WASHINGTON — Regulators must do all they can to help banks make loans to creditworthy borrowers, especially small businesses, a development that’s critical to strengthening the economic recovery, Federal Reserve Chairman Ben Bernanke said Thursday.
It’s a delicate dance for the Fed and other banking regulators. As regulators encourage banks to make loans to sound borrowers, they are also working to make sure banks get back on firmer footing after suffering through the worst financial and economic crises since the 1930s.
“Our message is a simple one: institutions should strive to meet the needs of creditworthy borrowers, and the supervisory agencies should do all they can to help, not hinder, those efforts,” Bernanke told a conference on banking in Chicago.

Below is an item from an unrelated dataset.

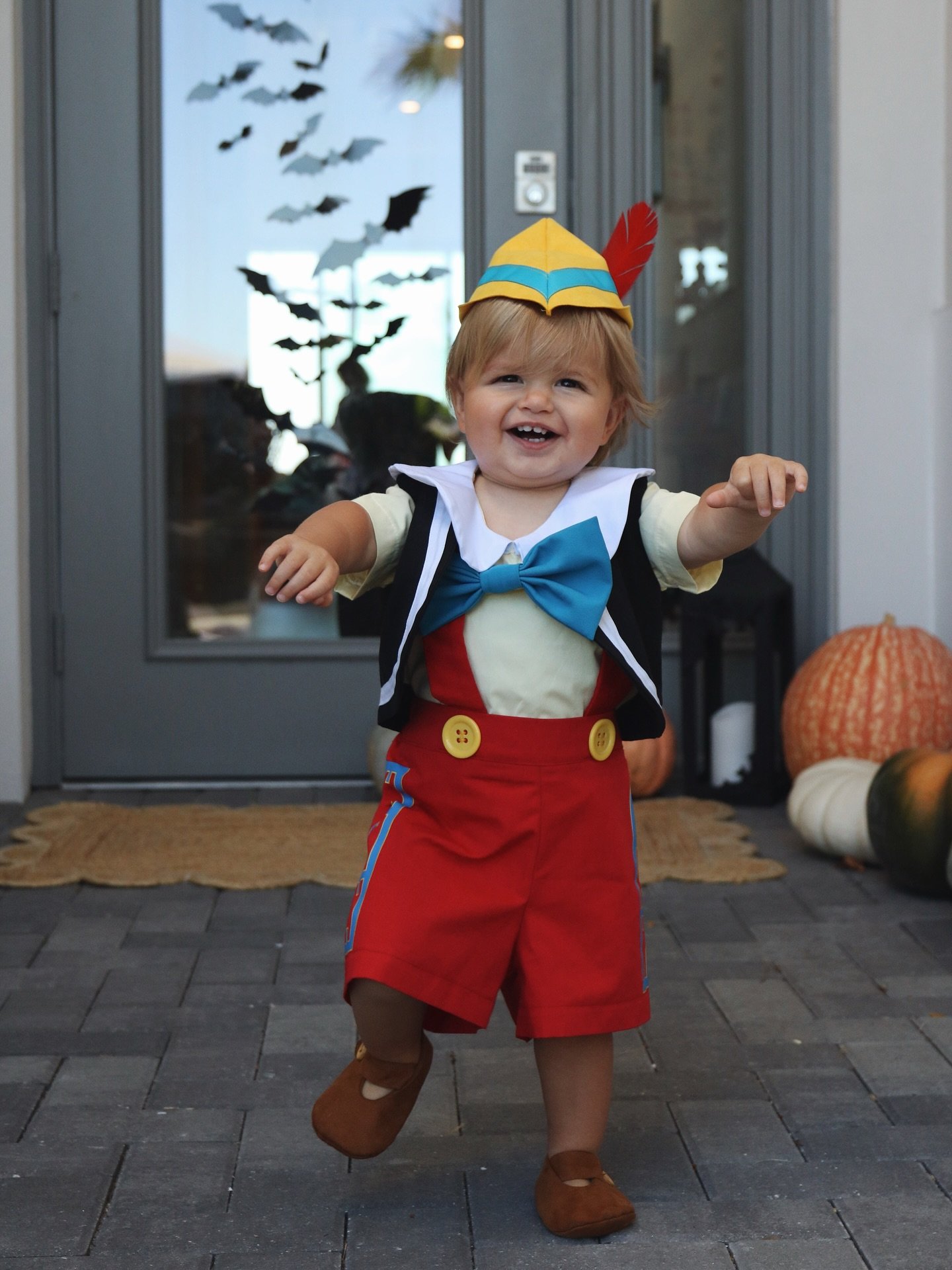A little wish made real💫✨
.
#halloween #pinocchio #disney #realboy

“We are also supporting efforts to work with troubled borrowers to bring them back into good standing,” he added.
Getting credit to flow more normally again to both people and businesses is an important ingredient to helping the fledging economic recovery gain momentum. Improvements have been made but problems still remain.

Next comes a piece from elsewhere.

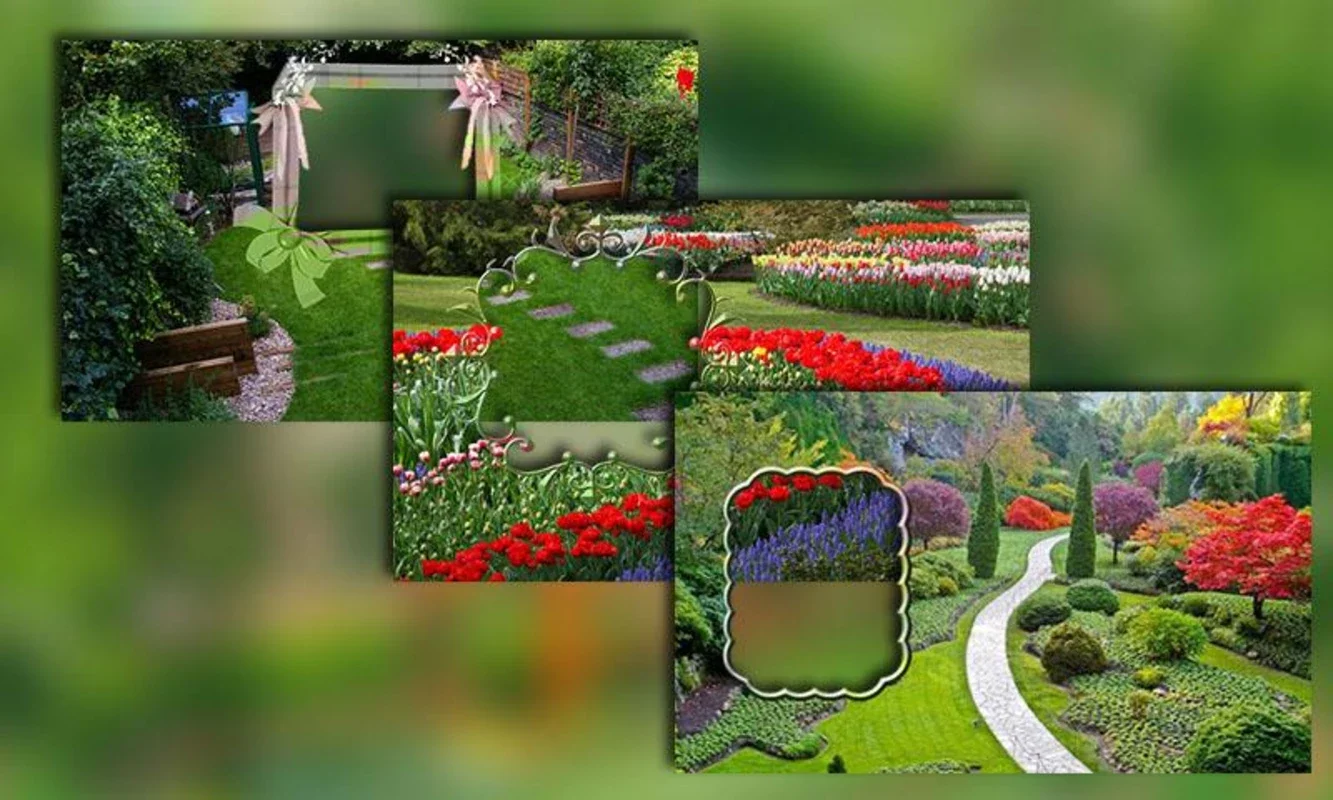 Garden Photo Frames for Android - Enhance Your Photos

Ordinary Americans — trying to pare their debt and rebuild their finances — have shown a weak appetite to take out new loans.
However, many lawmakers on Capitol Hill have complained about small businesses wanting to take out loans but have trouble getting them. And, that has crimped their ability to expand operations and hire. Small businesses usually help drive job creation during recoveries, but credit clogs have hurt hiring.

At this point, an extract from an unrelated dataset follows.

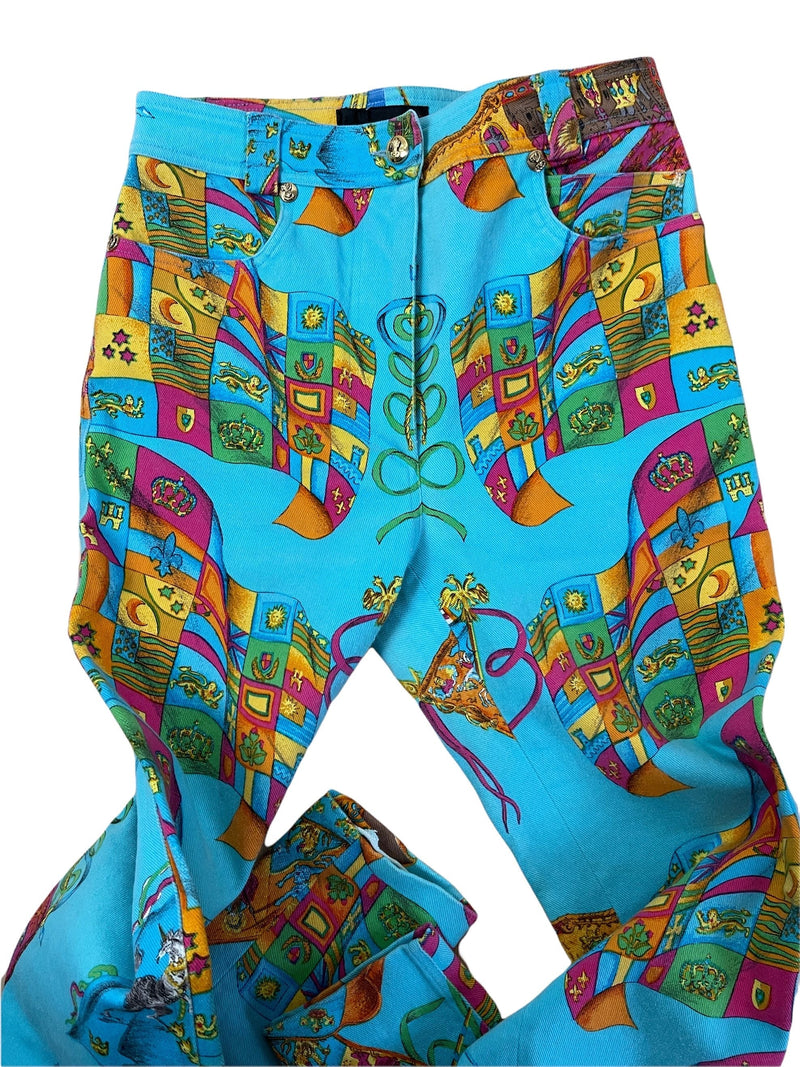 Istante by Versace pantaloni vintage freeshipping - BEATBOX COLLECTION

“Small business lending conditions are much tighter than they’ve been at any time in recent memory, certainly much tighter than before the crisis,” Bernanke said, fielding questions after his speech.
“What we need to do is find a balance that makes economic sense where the banks are making good loans that they expect to be repaid, but are not so conservative and so restrictive that they turn away borrowers with whom they may have long-term relationships, who they can reasonably expect to repay and to be creditworthy,” Bernanke explained.